There are two ways to look at it that you have just come out of such a bad phase that any marginal improvement will lead to some kind of a recovery. It is like Nifty falling to 2,250 and you get to 3,000 and feel that everything is looking much better right now. So it could be a bit of that - after a terrible quarter, you are seeing a bit of rebound not just in numbers but also in sentiment and people are saying that if you have gone through October and December that is probably the worst, we have stared the abyss in the eyes and now we are beginning to come out of it.
So far the numbers are not looking materially great and compared to October-December they look okay but year-on-year (YoY) they are still down. So they are not looking great but sentiment is important and sentiment - as Mr KV Kamath (President CII, MD &CEO ICICI Bank) says correctly - has improved in January and February. So you don’t know how to read this whether this is a sign that things are durably on the mend or this is just a bounce back from an oversold kind of a situation or too much depression in October and December. Time will tell but I don’t know whether it is easy to take that call that things have turned around.
However, after yesterday’s gross domestic product (GDP) estimates I think what might be happening now - and that is the optimistic scenario and the one which you hope for - is that now that there is so much cash on the sidelines globally that people might just start making up and saying everybody is talking about massive de-growth and these two economies are still talking about 6-9% kind of growth and do we need to put a little bit of money to work out here where there is still growth and if that happens you could certainly get a bit more of a durable bounce like you have seen in China from the start of this year.
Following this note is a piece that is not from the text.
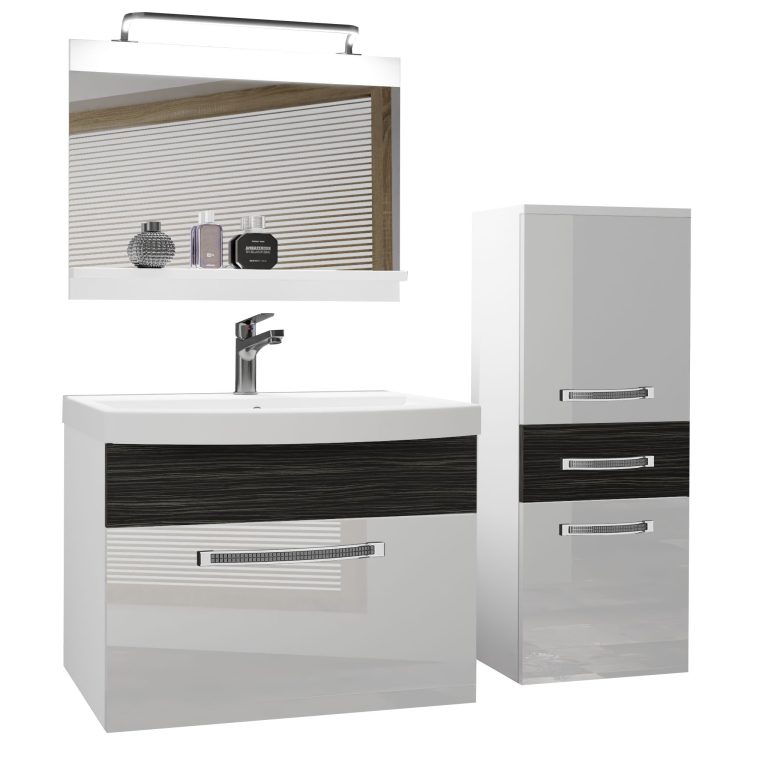 Set mobilă  de baie Belini Premium Full Version alb lucios / abanos regal + chiuveta + oglinda + iluminare LED GLA PM 2/0/W/WHK/0/MB/PP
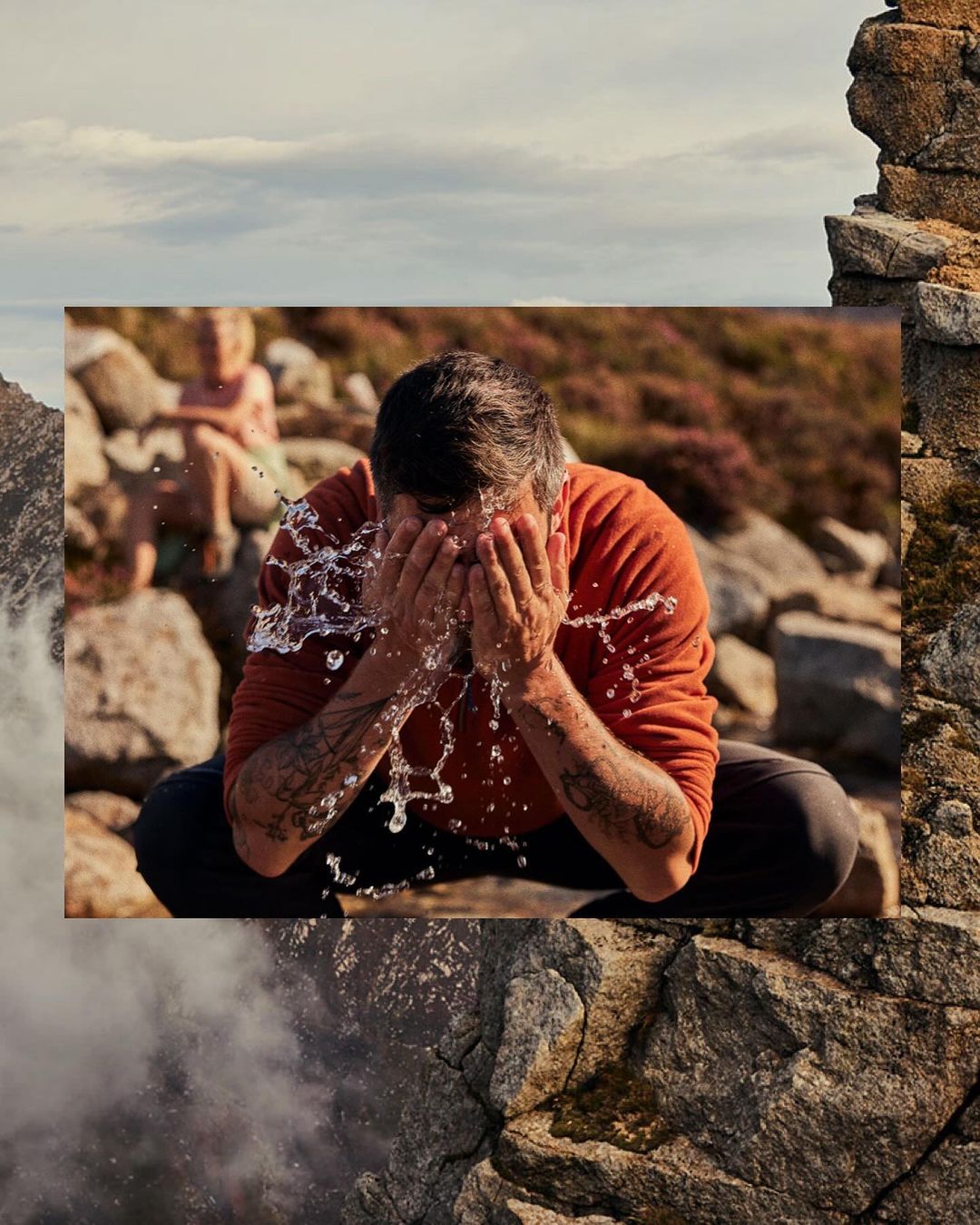 Adult male washing face with water outdoors surrounded by rocky terrain and a child in the background in a split-frame collage style.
So that is the hope that people are seeing us in a relative sense now with the cash on the sidelines or cash in their pockets and they would want to deploy it in the higher growth economies like China and India maybe some of it has already happened in China.
So there are two positive takeaways you want to takeaway; one is corporate sentiment is very important and if that is on the mend then that is only a good thing, there is nothing bad about that and of course if there is more money which chases this sense of optimism from a stock market perspective that is also good.
The only fear that you have is that you get a little bit of a rebound from this October-December abyss and then when the market gets very hopeful and after that you find that the recovery is actually not as durable that you thought it would be and then I think the market will have to pay for the disappointment. That certainly is the scenario that you cannot wish away.